In the meantime, the university had already benefited from a new source of governmental support. The Morrill Act of 1862 — passed during the Civil War to establish land-grant colleges to teach agriculture, engineering, and military tactics — helped rebuild the university. “They created the idea of a land-grant university,” Neely explained. “And this was the idea of land from federal lands recently acquired (a lot of them from Native Americans) — but sale of land to provide for higher education.” In 1869, with the backing of Governor William “Parson” Brownlow, the Tennessee legislature declared East Tennessee University a land-grant college, the first institution in a former Confederate state to receive that designation. “There are a lot of people who don’t really like each other who are teaming up to make this the land-grant institution once this idea gets some sort of currency. And the story they use to Washington is: This was the land of the loyal mountaineer,” Hutton said. “Now, they don’t mention that there were a few mountaineers who weren’t so loyal!”
The new emphasis on the agricultural and mechanical arts is another inflexion point in American higher education. Humes, who favored a more classical education, found himself in conflict with the board of trustees. Hutton recounts: “He’s a champion of the humanities. The trade-off for becoming a Morrill or a land-grant school was to focus on the sciences … He ends up fighting that, even though he had been part of the effort to get the funding.” In 1883, the trustees asked for his resignation, and Humes complied. “Of course, by that point there’s a certain neo-Confederate thing going on in Knoxville,” Hutton added. ”There’s a lot of people who don’t like having these Unionists — or this Republican as the president. That has a lot to do with why he got pushed out, too.”
The university (renamed the University of Tennessee in 1879) was without a president for several years before appointing Charles Dabney in 1887. “Dabney was a great champion of this scientific and agricultural type of education,” Hutton said. “He’s a favorite of a lot of former Confederates but also the favorite of everyone who’s advocating a sort of ‘New South’ approach to science and technology. At the same time, he really fumbled the ball when it came to the second Morrill Act stipulation that this be an institution of bi-racial education. He allowed Knoxville College to be sort of part of the system — but always in a very subordinate manner. At the same time, a lot of people on the board of trustees were accusing him of doing too much for African American education — when he actually was a white supremacist of his own sort of paternalist type. So, there’s a lot of sort of problematic things going on in the 1890s in Tennessee, and a lot of that is reflected on this campus.”

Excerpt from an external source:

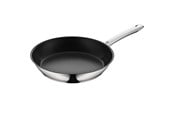 Pannor - WMF Nordic Profi fry pan 28 cm - 741086290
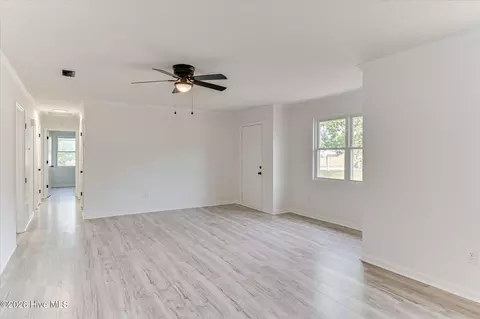 Living - 2346 Fieldcrest Rd, Augusta, GA 30906 photo 5 of 6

The above excerpt from Hutton’s and Neely’s conversation leads us through some of the political and social upheaval of the university’s first century. There are many more stories in Bearing the Torch that are unique to our university yet reflect the history of our state and nation. As the author says, “I think you can read this book and you can sort of see education in the United States developing. And you can also see people trying to stop education. And that doesn’t just happen in Tennessee; that happens all over the United States. And it’s also a story about the development of diversity and equality in the United States, let alone on campuses. I think it’s a lens for understanding a larger picture.”